PROBLEM DETAILS |
The entries below contain a line with "Full kitchen view" and a line with "Close-up of Noisy". Quote exactly those two lines and all lines between them.

DATA SECTION |
· · · ·

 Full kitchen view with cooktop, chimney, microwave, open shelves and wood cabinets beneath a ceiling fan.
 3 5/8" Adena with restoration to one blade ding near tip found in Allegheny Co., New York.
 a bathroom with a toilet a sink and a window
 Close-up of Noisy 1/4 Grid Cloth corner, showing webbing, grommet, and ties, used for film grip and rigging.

· · · ·

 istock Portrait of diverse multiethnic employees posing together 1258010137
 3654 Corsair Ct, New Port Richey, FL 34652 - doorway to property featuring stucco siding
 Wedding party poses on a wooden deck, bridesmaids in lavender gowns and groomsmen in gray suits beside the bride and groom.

· · · ·

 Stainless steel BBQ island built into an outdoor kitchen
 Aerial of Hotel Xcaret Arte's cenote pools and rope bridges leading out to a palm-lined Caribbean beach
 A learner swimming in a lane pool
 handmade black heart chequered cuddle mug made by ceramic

· · · ·

THE ANSWER |
 Full kitchen view with cooktop, chimney, microwave, open shelves and wood cabinets beneath a ceiling fan.
 3 5/8" Adena with restoration to one blade ding near tip found in Allegheny Co., New York.
 a bathroom with a toilet a sink and a window
 Close-up of Noisy 1/4 Grid Cloth corner, showing webbing, grommet, and ties, used for film grip and rigging.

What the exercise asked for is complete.